Ah, Dad. One year ago today you shuffled off this mortal coil. But in so many ways, you are immortal.
I’ve written you a letter as I promised I would but I can’t bear to look at it today. Later on we are having a party in your honour at the pub and I don’t want to fall apart. I need to hold it together for now. I can fall apart tomorrow instead. (You understand).
I travelled 600 miles in less than 24 hours just to have a quick drink and a chat with you, to check that you’re alright. If I could do that every day, I would. I feel like my heart has fallen out and I don’t know where it went. I can’t find it anywhere. Retracing steps is futile, counter-productive even. I have to keep moving forward and hope that it’ll show up. But, as soon as I find it, I will visit you again.

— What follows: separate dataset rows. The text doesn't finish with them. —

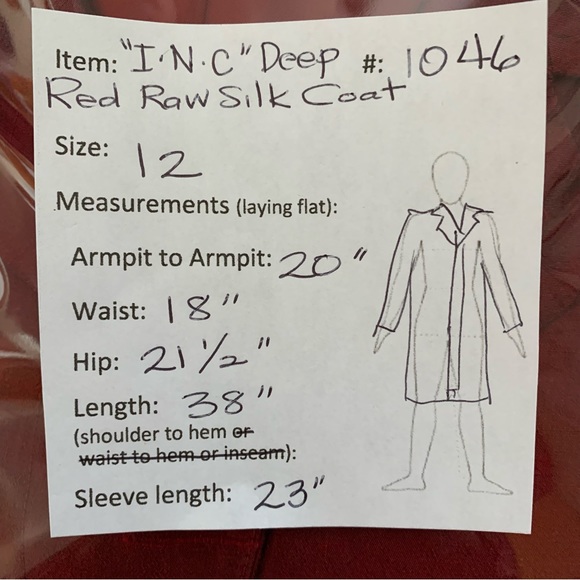 “INC” Deep Red Raw Silk Long Jacket size 12 - Picture 11 of 11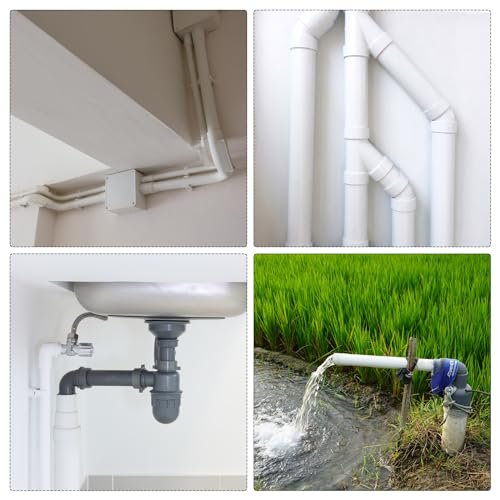 2.7" x 3" PVC Pipe 26" Plastic Rigid Tubing Round High Impact Drain Pipe, [for Greenhouse Garden Home HVAC Plumbing] - 67.8x75mm / White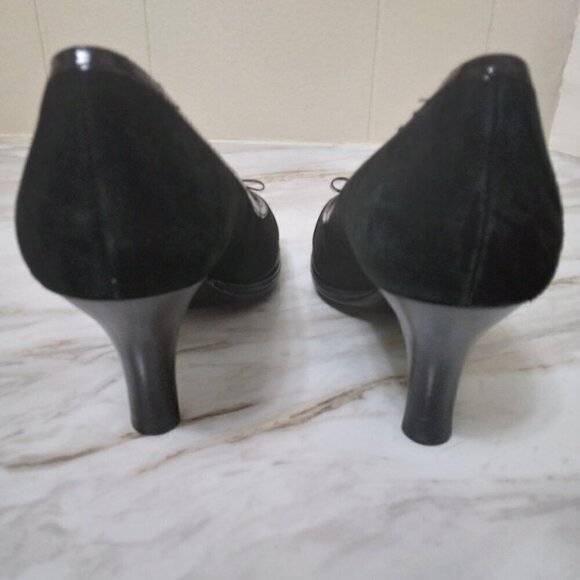 Sofft | Black Leather Suede Peep Toe 3" Pump | Size 9.5 M - Picture 5 of 11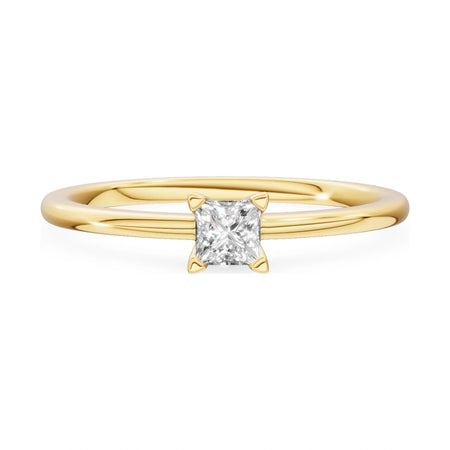 GREMARI Seven Grace 14K yellow gold engagement ring with 0.15 ct princess-cut lab-grown diamond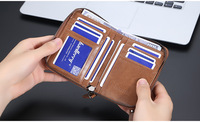 Porte-cartes et porte-monnaie zippé étanche en cuir PU pour homme, style vintage, mince, à trois volets, avec protection RFID, nouvelle collection, vente en gros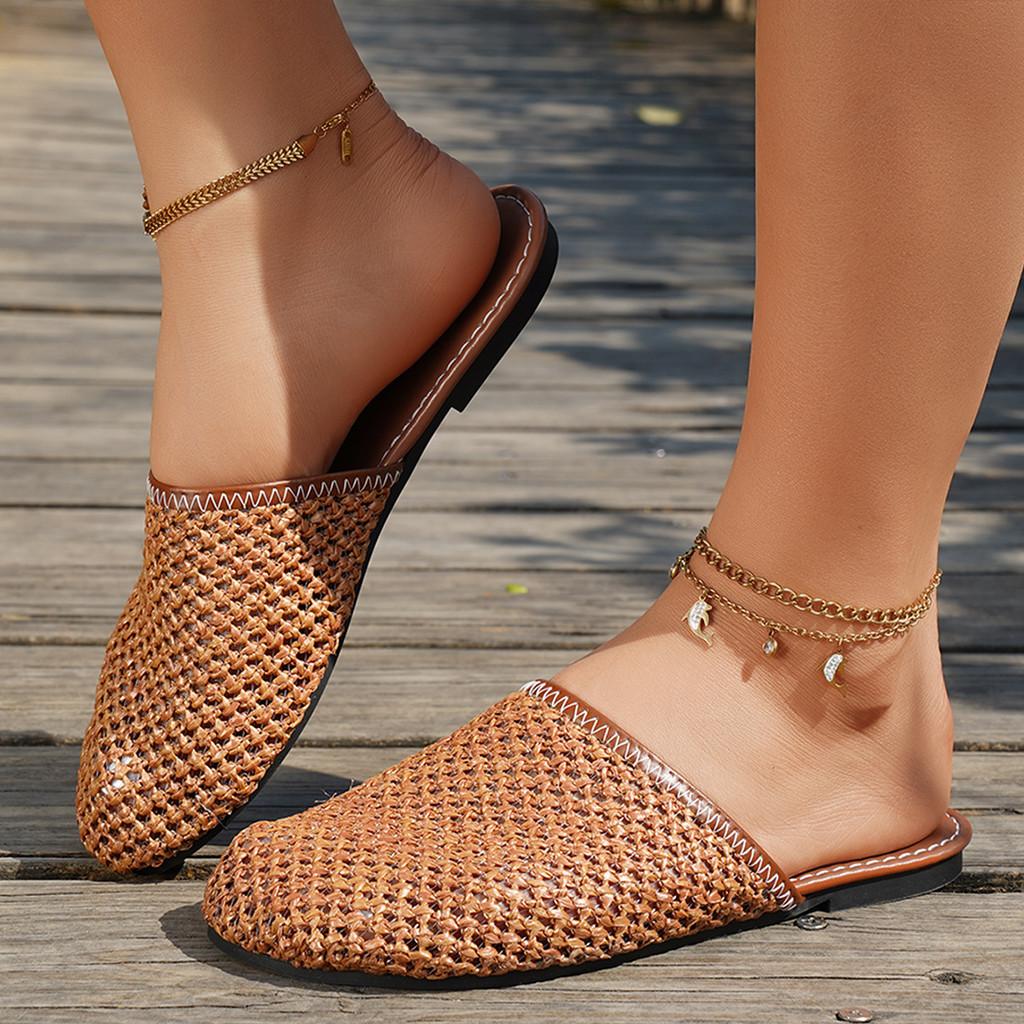 Womens Summer Open Toe Knit Mesh Slip On Flat Shoes For Daily Comfort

In the meantime, feel free to continue visiting me in my dreams and freaking me out with weird coincidences and signs of your omnipresence. I think what you’re doing is the opposite of haunting. Or it is haunting, but it’s the best kind of haunting.
I miss you every minute of every day. The world is a lot darker without you in it but when the sun does shine I know it’s because you asked her to, so I try to enjoy it.
I love you, Fatherington! <3 forever and a day x
You are SO many wonderful things and some of those must come from him 💓
Very lovely tribute. I miss mine just the same. It’ll be three years in December.
Thank you, dearest. Agh, I admire your strength xx
I took it so fucking hard when it happened, it was totally unexpected. I’ll never fully get over it, but it is easier now.